Recrudescence de l’insécurité à Kinshasa : la NSCC appelle au renforcement de la gouvernance et au rééquipement de la police de proximité

Face à la recrudescence de l’insécurité dans la ville-province de Kinshasa, le coordonnateur de la Nouvelle Société civile congolaise (NSCC), Jonas Tshombela, a appelé au renforcement de la gouvernance et au rééquipement de la police de proximité. Il s’est exprimé à ce sujet lors d’un entretien accordé au journal Le Potentiel, le jeudi 15 janvier 2026.

L’activiste des droits de l’homme dit ne pas comprendre le silence des autorités compétentes alors que des vies humaines continuent d’être fauchées dans la capitale congolaise.

« La police de proximité et la gouvernance de proximité exigent que les autorités locales soient renforcées en infrastructures et en outils afin de permettre à la population d’être efficacement protégée », a déclaré Jonas Tshombela.
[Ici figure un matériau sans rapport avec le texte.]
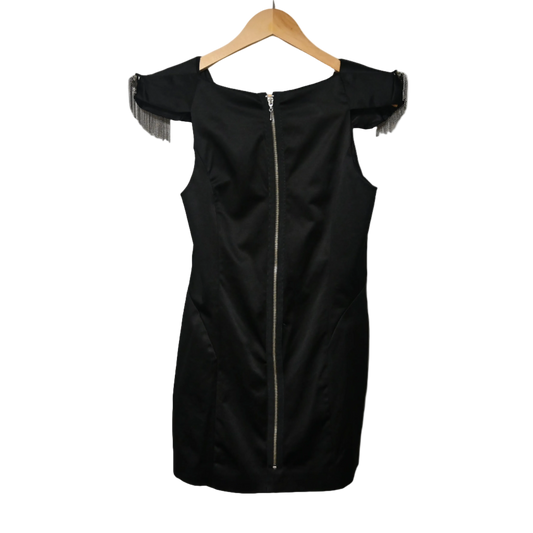 VINTAGE INDIGO JOKER BLACK DRESS (8)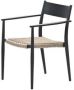 Garden Impressions Richmond dining fauteuil carbon black natural merino sand - Thumbnail 2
Selon lui, lorsqu’on observe les commissariats de police, souvent installés dans des conteneurs et dépourvus d’équipements adéquats, on constate que les effectifs sont très réduits, parfois limités à deux ou trois agents. « Les équipes sont faibles et doivent être renforcées », a-t-il insisté. Il a également déploré le fait que plusieurs sous-commissariats disséminés à travers la ville soient aujourd’hui transformés en parkings de motos au lieu de jouer leur rôle de sécurisation de la population.
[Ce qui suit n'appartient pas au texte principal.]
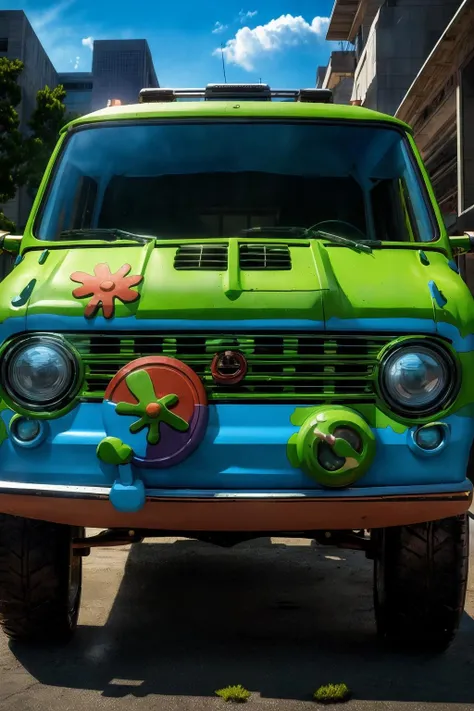 <lora:scoobmm_v1:1>
masterpiece, highly detailed photorealistic 8k raw photo, best cinematic quality, volumetric lighting and shadows
scoobmm, ground vehicle
space background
« Nous sommes en train de travailler sur un mécanisme de monitoring pour surveiller, dans la mesure de nos moyens, l’ensemble des sous-commissariats et identifier ceux qui sont devenus des parkings. Lorsqu’on fait appel à eux pour secourir la population, soit les effectifs sont insuffisants, soit ils refusent de quitter les postes sous prétexte qu’ils doivent sécuriser les motos et les véhicules stationnés sur le site. C’est devenu un véritable problème et cela contribue à l’augmentation de l’insécurité », a-t-il expliqué.
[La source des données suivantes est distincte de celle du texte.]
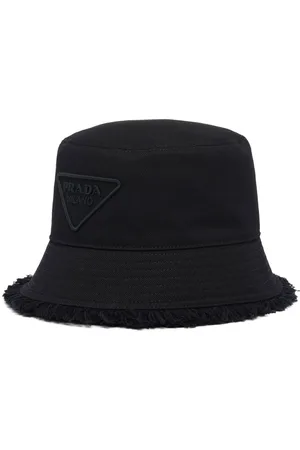 Prada Triangle-logo bucket hat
Jonas Tshombela a également pointé du doigt le déficit d’éclairage public. « Les zones obscures de la ville sont devenues des zones opérationnelles pour des inciviques qui sèment la terreur, arrachent les téléphones, cambriolent les véhicules, forcent les habitations, brutalisent les habitants et commettent même des viols », a-t-il poursuivi.

Il a profité de l’occasion pour solliciter l’organisation d’une conférence sur la gouvernance et la police de proximité, tout en tenant compte de la faiblesse des moyens de communication. « Ce sont là les éléments qui expliquent l’insécurité persistante dans la ville et l’incapacité des autorités à contrôler efficacement la situation », a-t-il conclu.